### What the task requires
Copy out, unchanged, the entries below from the "Ne t'arrete pas de courir - tantis.pl" line to the final line. Omit pictures.

### Task data
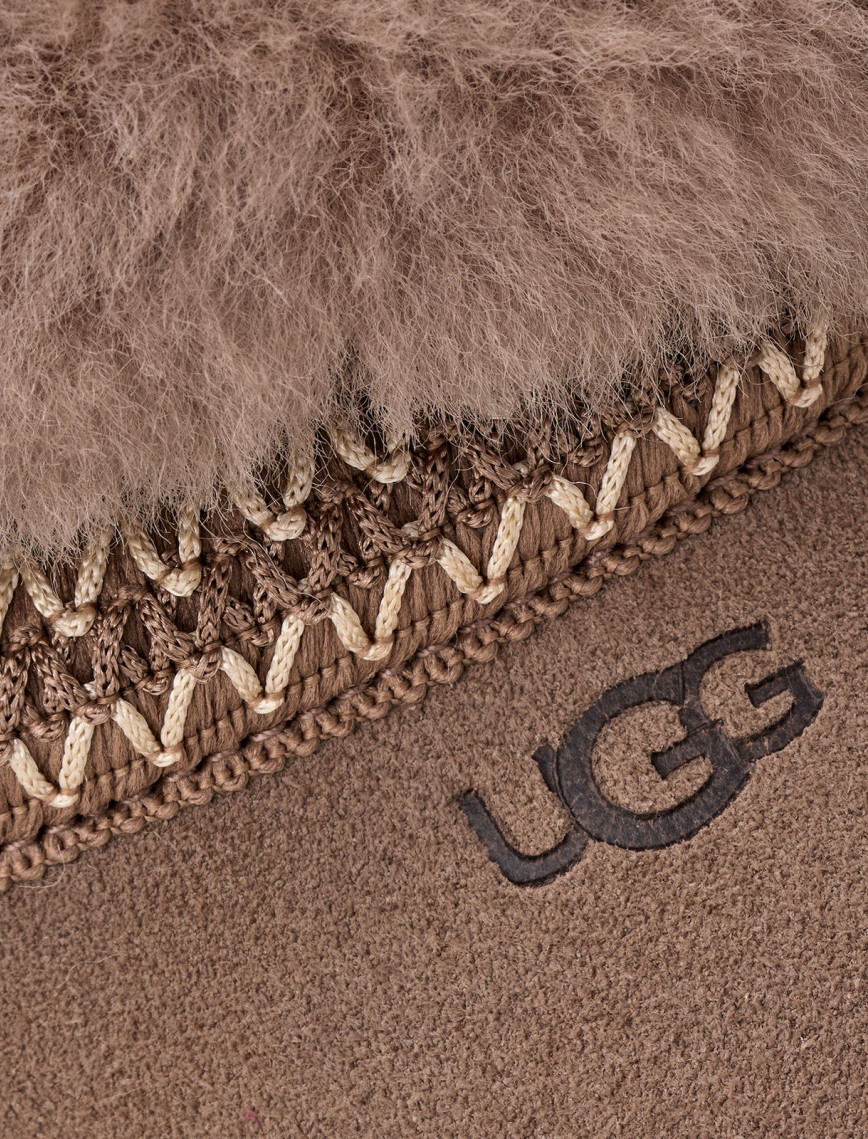 UGG Classic Mini Crescent Kadın Kahverengi Bot UGG Classic Mini Crescent Kadın Kahverengi Bot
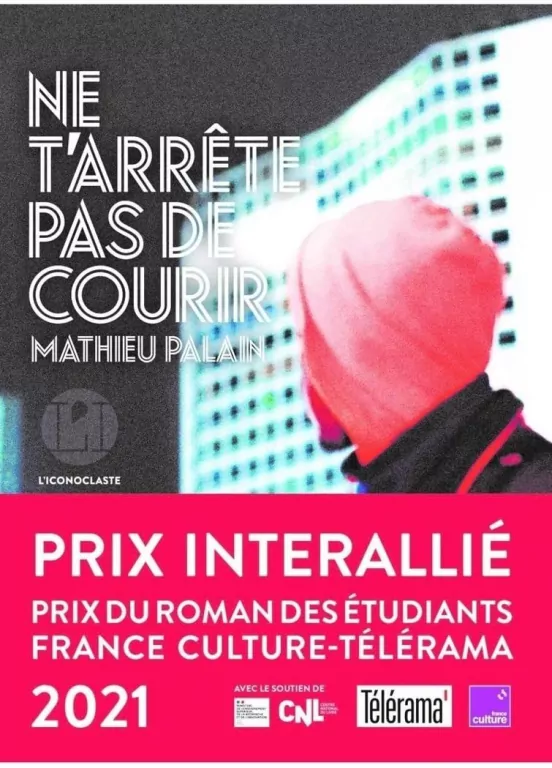 Ne t'arrete pas de courir - tantis.pl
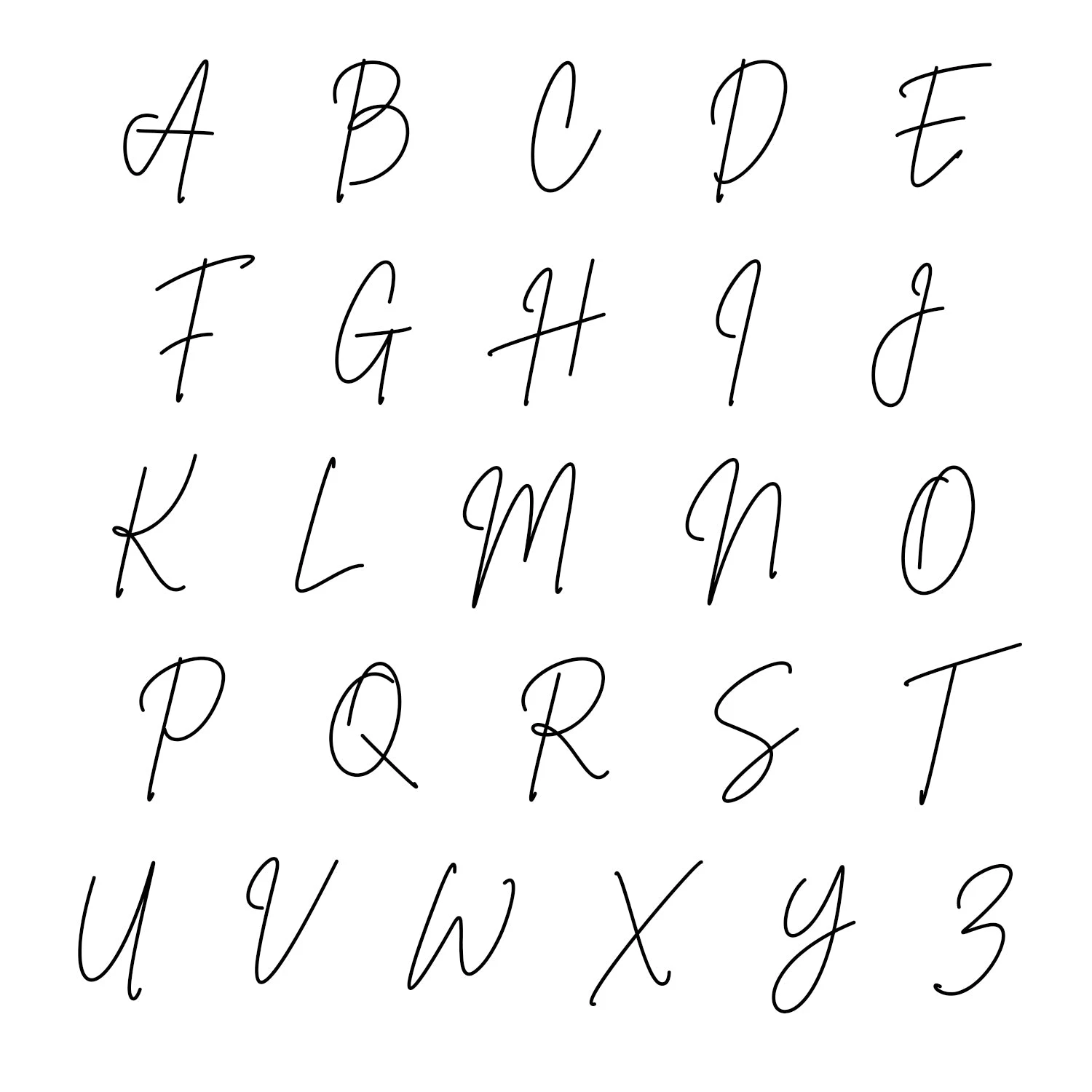 14k Gold Engraved Viero Single Initial & Birthstone Small Organic Unique Charm 8 14k Gold Engraved Viero Single Initial & Birthstone Small Organic Unique Charm - Image 8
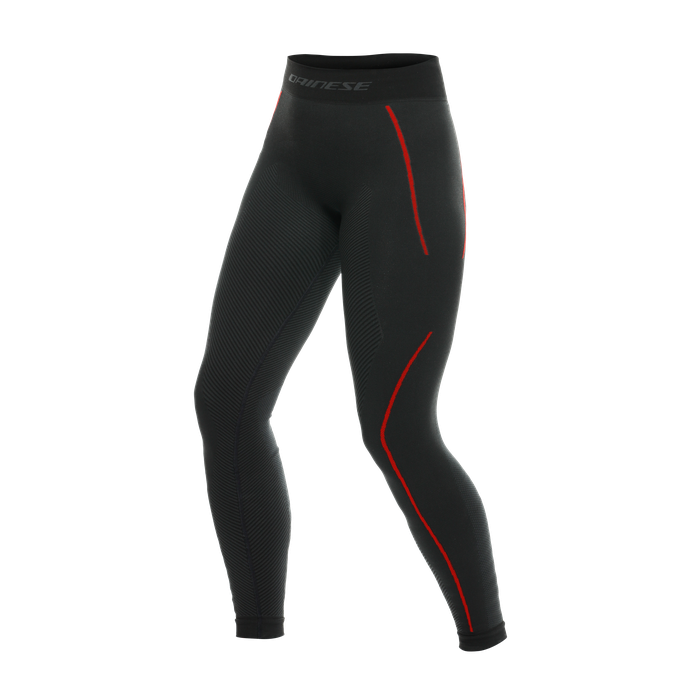 Dainese Thermo Lady Trousers Black/Red 606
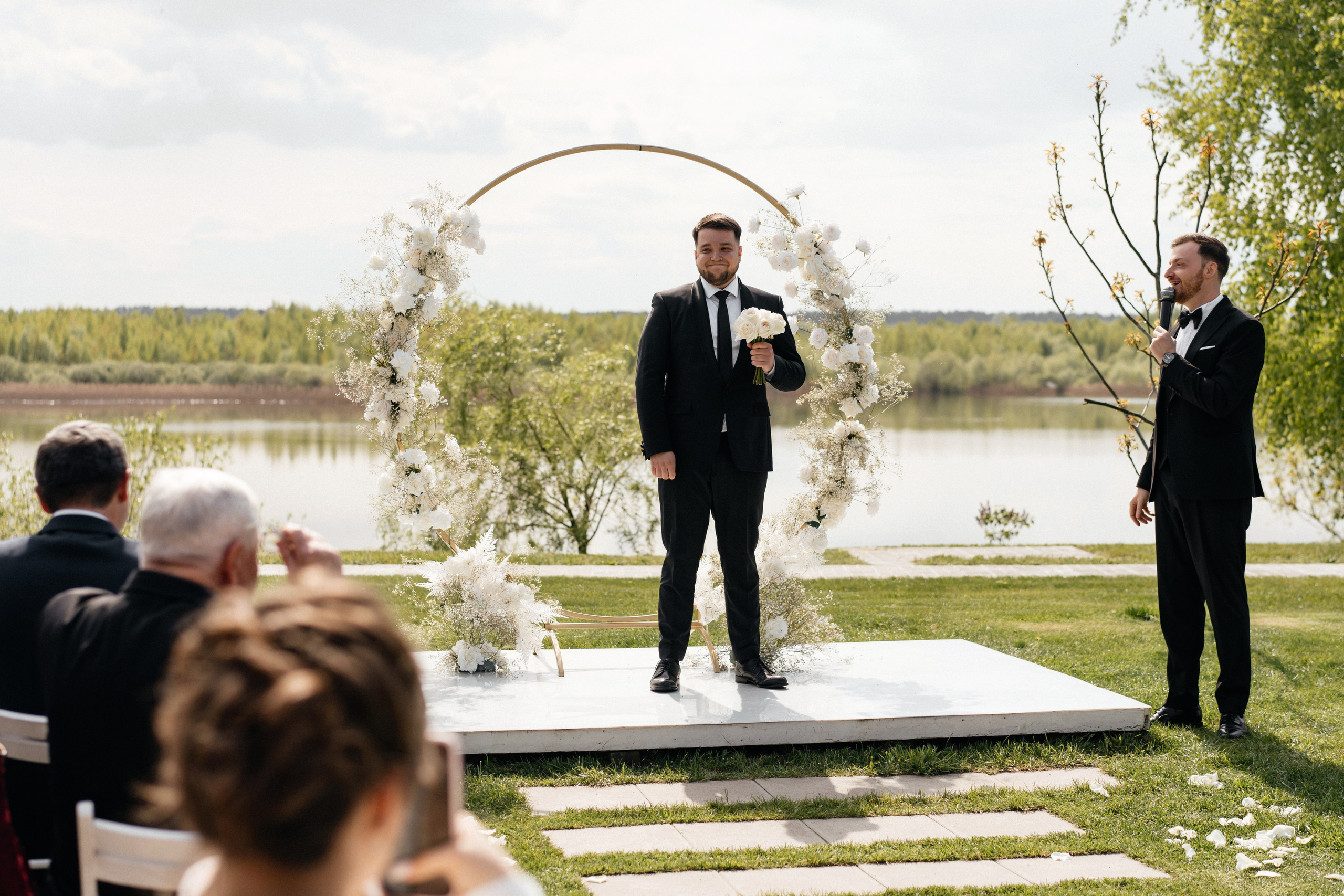 Милена & Павел. Свадебная фото и видеосъемка в Гомеле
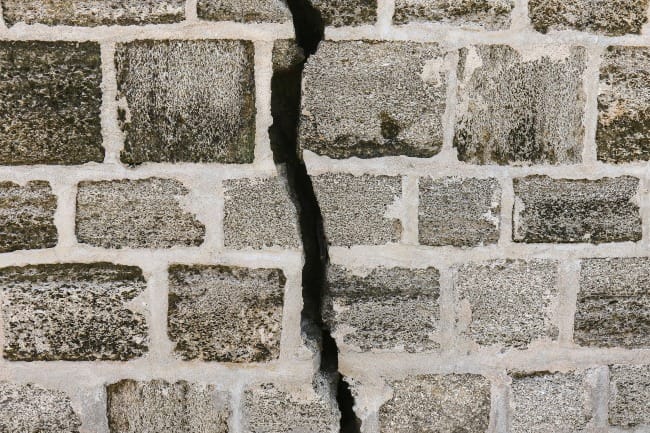 Coquina is a sedimentary rock formed of shells crushed and calcified over thousands of years. Used in building structures most notably Castillo de San Marcos in St. Augustine, FL.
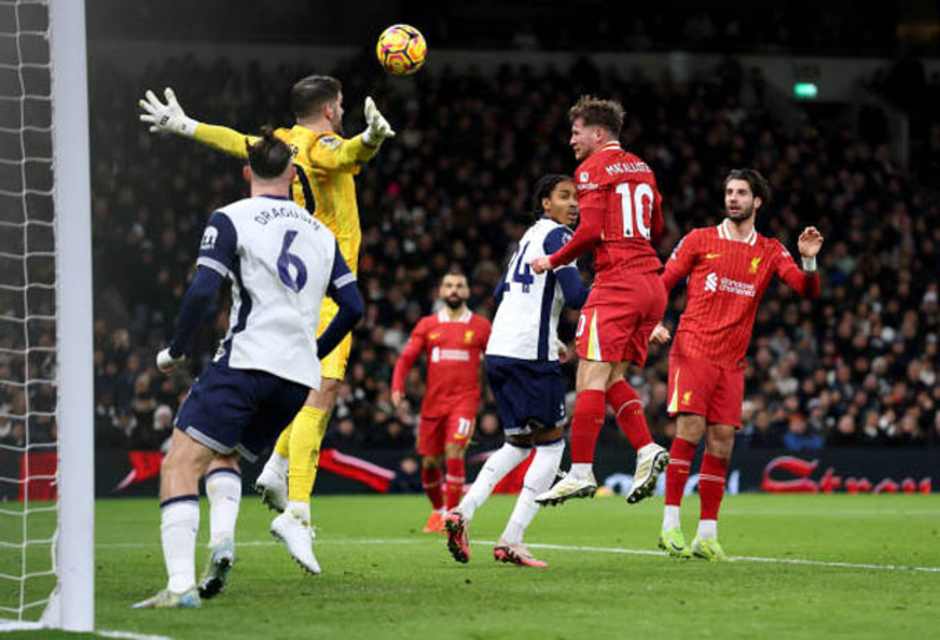 3 điều đáng chờ đợi ở đại chiến Tottenham vs Liverpool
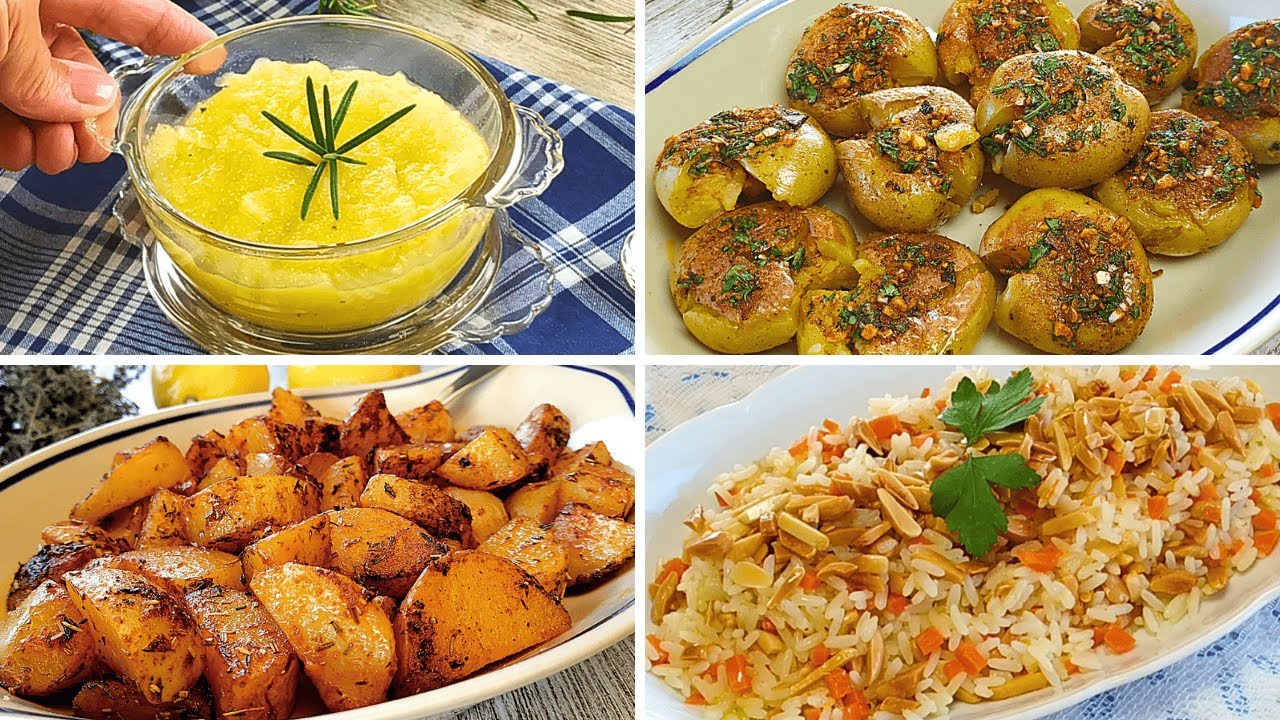 ✌4 Formas de Sorprender con tus Platos de Navidad y Fiestas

### Answer section
 Ne t'arrete pas de courir - tantis.pl
 14k Gold Engraved Viero Single Initial & Birthstone Small Organic Unique Charm 8 14k Gold Engraved Viero Single Initial & Birthstone Small Organic Unique Charm - Image 8
 Dainese Thermo Lady Trousers Black/Red 606
 Милена & Павел. Свадебная фото и видеосъемка в Гомеле
 Coquina is a sedimentary rock formed of shells crushed and calcified over thousands of years. Used in building structures most notably Castillo de San Marcos in St. Augustine, FL.
 3 điều đáng chờ đợi ở đại chiến Tottenham vs Liverpool
 ✌4 Formas de Sorprender con tus Platos de Navidad y Fiestas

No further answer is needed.